Strategi Baru
Meningkatkan Partisipasi Mahasiswa dalam Pemira BEM Melalui SMS
Oleh: Firdaus Putra, S.Sos.
Gagasan ini berambisi mempermudah penyaluran hak pilih
mahasiswa dalam Pemira BEM hanya dengan “Ketik A (spasi) B (spasi) C
kirim ke: 085647788XXX”.
Tiga tahun lalu saya sempat menawarkan ide “Pemira Goes to
Class”. Ide ini untuk meningkatkan partisipasi mahasiswa dalam Pemira BEM.
Meski tujuannya sama, berbeda dengan itu, gagasan kali ini membasiskan diri
pada penggunaan teknologi, khususnya ponsel.
Seperti para pegiat kampus ketahui, tingkat partisipasi
mahasiswa dalam Pemira BEM tidak pernah mencapai 50% dari seluruh mahasiswa.

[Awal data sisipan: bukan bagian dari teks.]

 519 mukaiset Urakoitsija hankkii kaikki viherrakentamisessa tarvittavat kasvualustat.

Kasus semacam ini terjadi berulang kali di Pemira BEM tingkat fakultas atau
tingkat universitas di Unsoed Purwokerto. Pertanyaannya, mengapa tingkat
partisipasi mahasiswa dalam Pemira cenderung rendah?

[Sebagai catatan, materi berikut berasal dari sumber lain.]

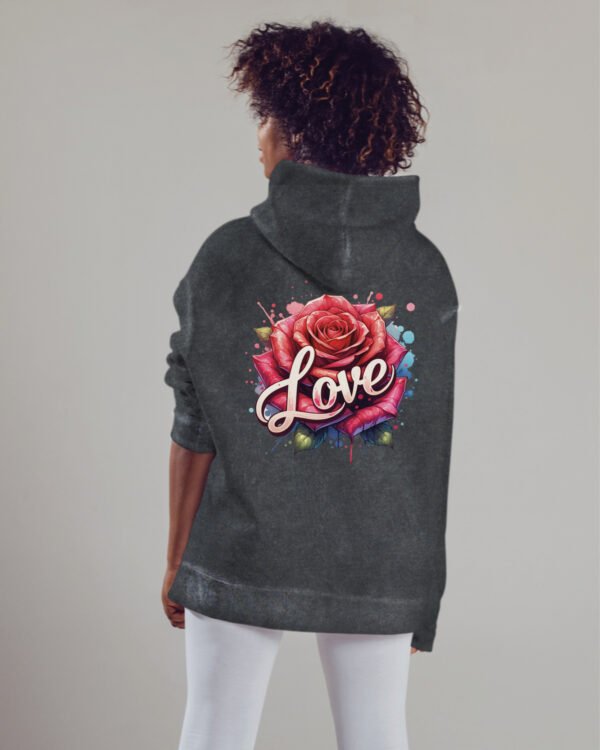 Bluza oversize z kapturem <br>Love and Rose - efekt sprania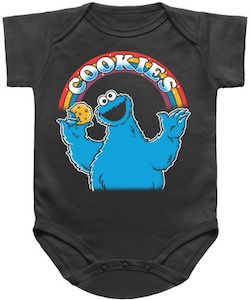 Cookie Monster Baby Bodysuit With Rainbow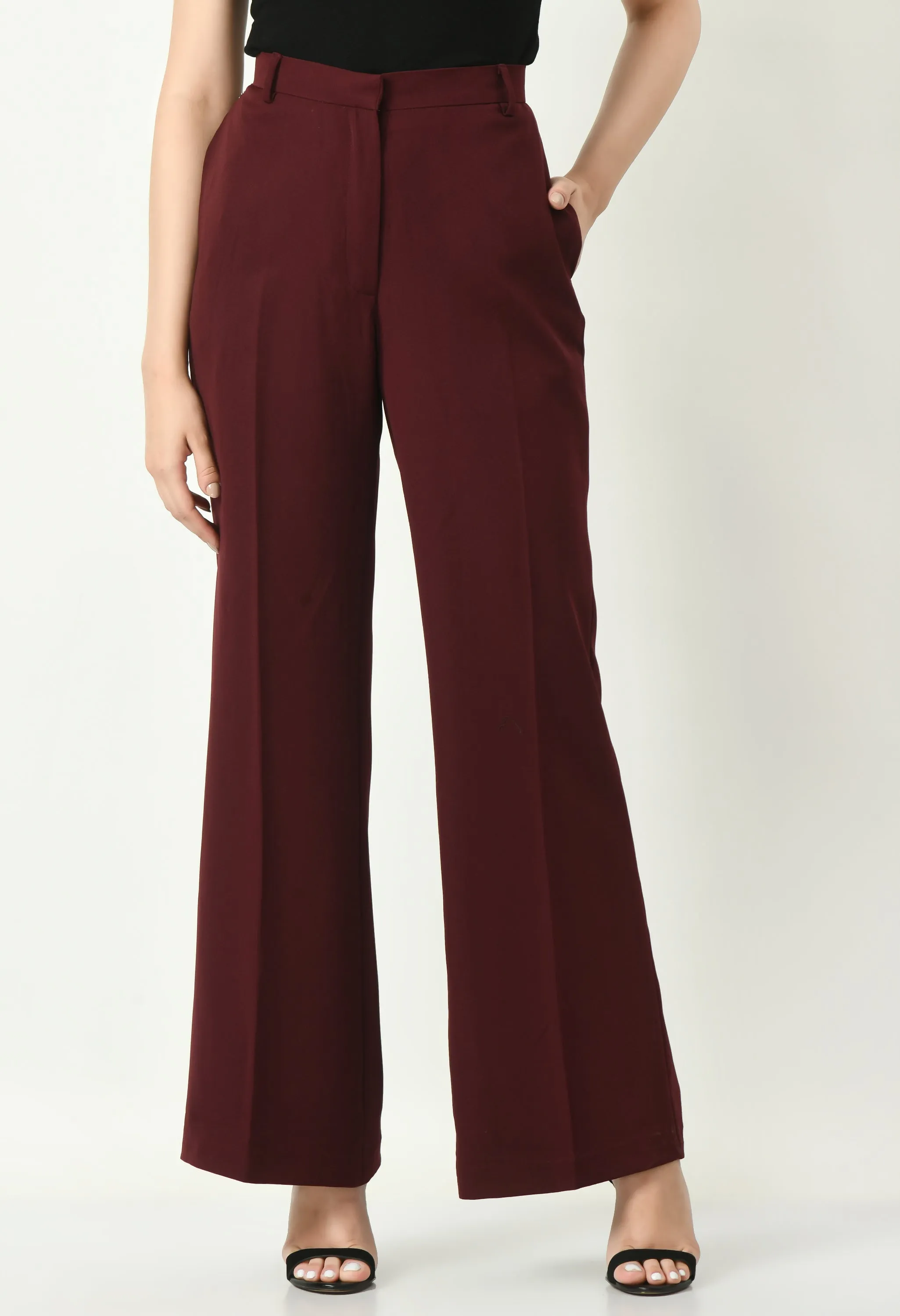 Exude Eminence Solid Bootcut Trousers (Wine)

Satu penjelasan yang sampai sekarang saya yakini, mahasiswa
pada umumnya menganggap Pemira BEM bukan dunianya. Politik kampus adalah “dunia
para aktivis” dan dunia mereka adalah “just study”. Nuansa psikologis seperti
itu muncul dalam bentuk: sikap malas, cuek bahkan perasaan malu. Ekspresinya,
malas dan atau malu datang ke TPS sekedar jalan kaki 10-20 meter dengan 5-7
menit waktu yang dibutuhkan.
Ada jarak antara peristiwa politik itu dengan mahasiswa
sebagai konstituennya. Jarak ini perlu dicari solusinya dengan pola dasar,
“Dekatilah, jangan dijauhi”. Artinya perlu terobosan baru yang bersifat
mendekati konstituen, bukan menunggu mereka datang (ke TPS).

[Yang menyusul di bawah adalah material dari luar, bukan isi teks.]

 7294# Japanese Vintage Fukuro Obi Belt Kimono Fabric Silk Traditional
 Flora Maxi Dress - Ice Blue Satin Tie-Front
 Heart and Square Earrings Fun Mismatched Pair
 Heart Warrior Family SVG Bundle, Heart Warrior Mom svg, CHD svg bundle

Pada Agustus 2010 Koperasi Kampus Unsoed pernah menyebar
undangan Gathering & Halal bi Halal untuk mahasiswa baru. Dari undangan
itu terkumpul data: nama, fakultas dan nomor ponsel. Menariknya, dari 318
mahasiswa yang terjaring, hanya empat orang yang tidak menyertakan nomor
ponsel. Asumsikan saja mereka tidak mempunyai ponsel atau memang tidak ingin
membagi nomornya. Fakta itu menunjukan bahwa 99% mahasiswa baru (angkatan 2010)
mempunyai ponsel.
Dengan melihat fakta itu, sangat membuka peluang untuk
membuat terobosan baru dimana penyaluran hak pilih dalam Pemira BEM melalui
SMS. Jadi mahasiswa atau pemilih cukup ketik: A (spasi) B (spasi) C kirim ke
nomor pusat tertentu. Sepengetahuan saya, sistem ini kali pertama di Indonesia.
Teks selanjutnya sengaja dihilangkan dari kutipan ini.